Specify and inspect parametric model specification
checkmodspec.RdSpecify a parametric model (which may represent the analysis or imputation model). Optionally, if a dataset is supplied, explore whether the observed relationships in the specified dataset are consistent with the proposed parametric model.
Arguments
- formula
A symbolic description of the model to be fitted, with the dependent variable on the left of a ~ operator, and the covariates, separated by + operators, on the right, specified as a string
- family
A description of the error distribution and link function to be used in the model, specified as a string; family functions that are supported are "gaussian(identity)" and "binomial(logit)"
- data
Optionally, a data frame containing all the variables stated in the formula
- plot
If TRUE (the default), and a dataset is supplied, displays a plot which can be used to explore the functional form of each covariate in the specified model; use plot = FALSE to disable the plot
- message
If TRUE (the default), and a dataset is supplied, displays a message indicating whether the relationships between the dependent variable and covariates are likely to be correctly specified or not; use message = FALSE to suppress the message
Value
An object of type 'mimod' (a list containing the specified formula, family, and, if specified, dataset name). Optionally, if required and a dataset is supplied, a message indicating whether the relationships between the dependent variable and covariates are likely to be correctly specified or not. If there is evidence of model mis-specification, optionally returns a plot of the model residuals versus the fitted values which can be used to explore the appropriate functional form for the specified model.
References
Curnow E, Carpenter JR, Heron JE, et al. 2023. Multiple imputation of missing data under missing at random: compatible imputation models are not sufficient to avoid bias if they are mis-specified. J Clin Epidemiol. doi:10.1016/j.jclinepi.2023.06.011
Examples
# Example (incorrectly) assuming a linear relationship
checkModSpec(formula="bmi7~matage+mated+pregsize",
family="gaussian(identity)", data=bmi)
#> Method used to explore the relationship between the model residuals (y)

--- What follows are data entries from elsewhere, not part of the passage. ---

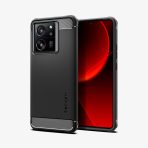 Rugged Armor - Image 24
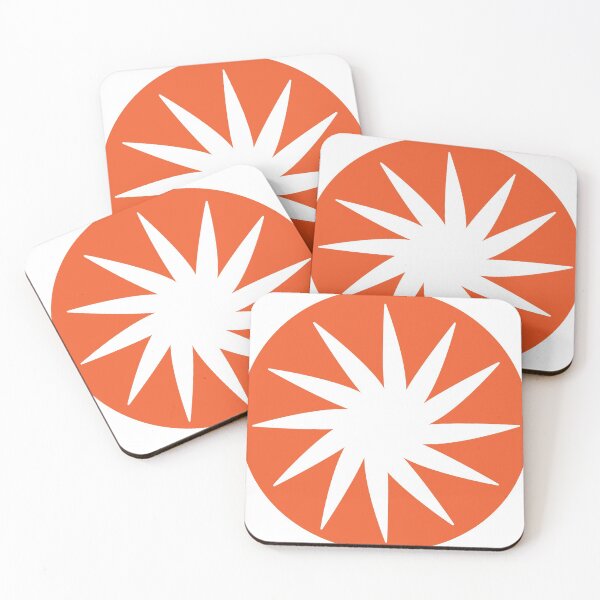 Item preview, Orange designed and sold by Art Studio Design.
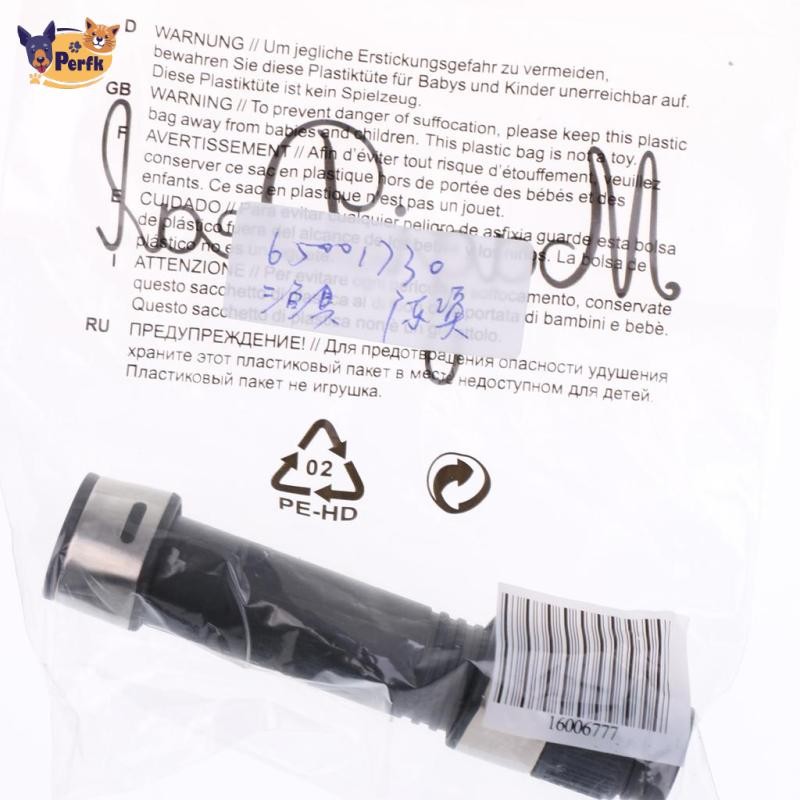 15.5mm Máy Câu Cá Ghế Trò Chơi Lớn Thuyền Cần Câu Xây Dựng Ghế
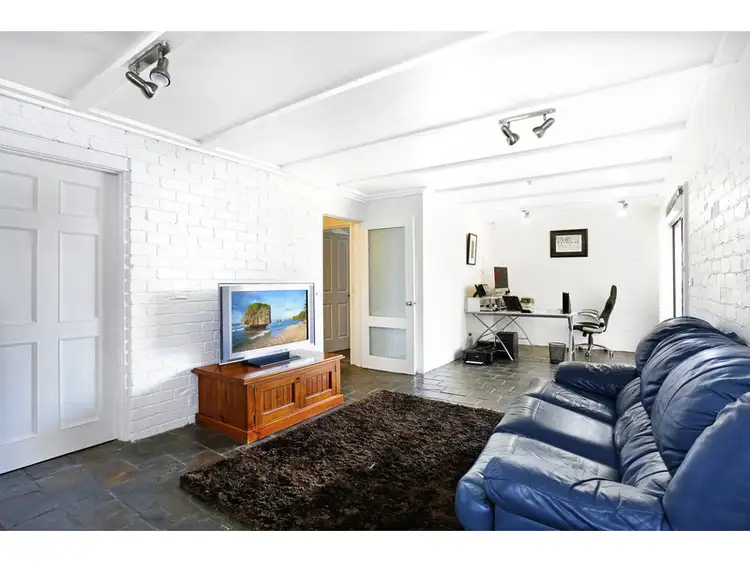 Fourth view of Homely house listing, 1 Balook Crescent, Bradbury NSW 2560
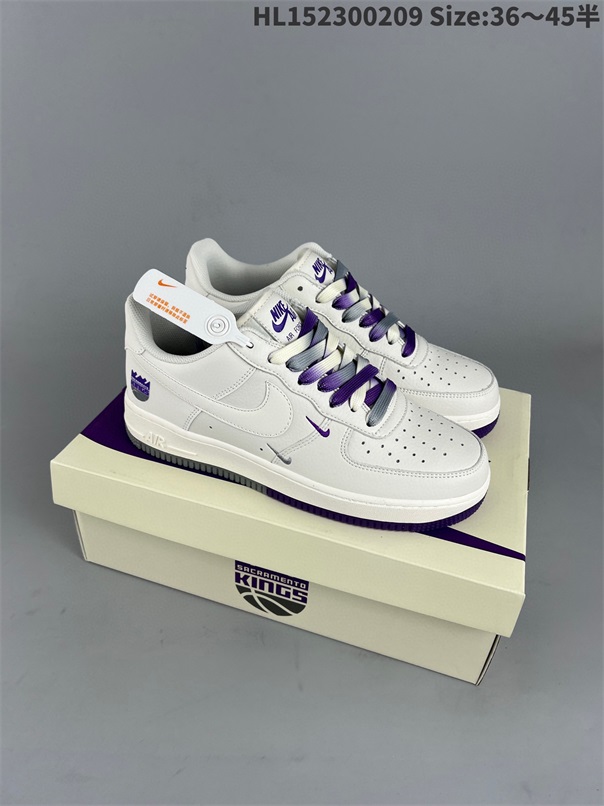 women air force one shoes HH 2023-2-27-016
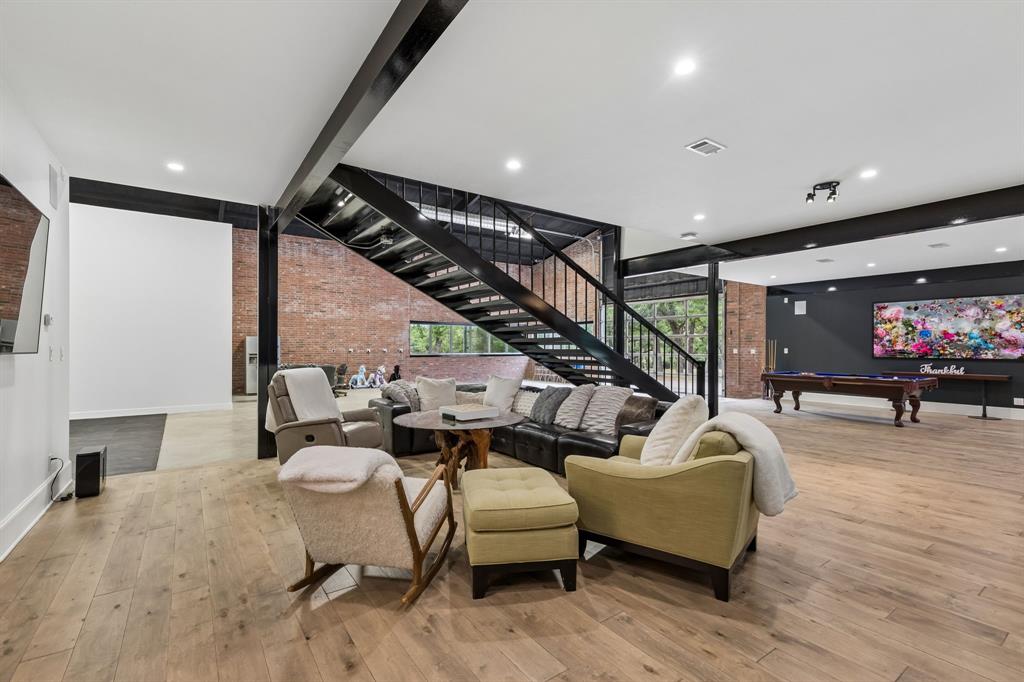 Ccsl - Residential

#> and fitted values (fitvals): regression of model residuals on a
#> fractional polynomial of the fitted values
#>
#> Call:
#>
#> glm(formula = y ~ ., family = family, data = data, weights = weights,
#>
#> offset = offset, x = TRUE, y = TRUE)
#>
#> Coefficients:
#>
#> Estimate Std. Error t value Pr(>|t|)
#>
#> (Intercept) -5.908e-15 5.512e-02 0.00 1
#>
#> fitvals.1 -5.268e-02 3.215e-03 -16.39 <2e-16 ***
#>
#> fitvals.2 1.629e-02 9.926e-04 16.41 <2e-16 ***
#>
#> ---
#>
#> Signif. codes: 0 ‘***’ 0.001 ‘**’ 0.01 ‘*’ 0.05 ‘.’ 0.1 ‘ ’ 1
#>
#> (Dispersion parameter for gaussian family taken to be 1.798351)
#>
#> Null deviance: 1547.8 on 591 degrees of freedom
#>
#> Residual deviance: 1059.2 on 589 degrees of freedom
#>
#> AIC: 2032.4
#>
#> Number of Fisher Scoring iterations: 2
#>
#> Interpretation: A weak relationship between the model residuals and
#> fitted values means there is little evidence of model
#> mis-specification. A strong relationship between the model residuals
#> and fitted values means the model may be mis-specified.
#>
#> Consider whether the specified model is plausible for your study, and
#> update it accordingly. Note that the observed relationships may be
#> distorted by data missing not at random.
## For the example above, (correctly) assuming a quadratic relationship
checkModSpec(formula="bmi7~matage+I(matage^2)+mated+pregsize",
family="gaussian(identity)", data=bmi)
#> Method used to explore the relationship between the model residuals (y)
#> and fitted values (fitvals): regression of model residuals on a
#> fractional polynomial of the fitted values
#>
#> Call:
#>
#> glm(formula = y ~ ., family = family, data = data, weights = weights,
#>
#> offset = offset, x = TRUE, y = TRUE)
#>
#> Coefficients:
#>
#> Estimate Std. Error t value Pr(>|t|)
#>
#> (Intercept) -3.409e-17 4.560e-02 0 1
#>
#> (Dispersion parameter for gaussian family taken to be 1.230712)
#>
#> Null deviance: 727.35 on 591 degrees of freedom
#>
#> Residual deviance: 727.35 on 591 degrees of freedom
#>
#> AIC: 1805.9
#>
#> Number of Fisher Scoring iterations: 2
#>
#> Interpretation: A weak relationship between the model residuals and
#> fitted values means there is little evidence of model
#> mis-specification. A strong relationship between the model residuals
#> and fitted values means the model may be mis-specified.
#>
#> Consider whether the specified model is plausible for your study, and
#> update it accordingly. Note that the observed relationships may be
#> distorted by data missing not at random.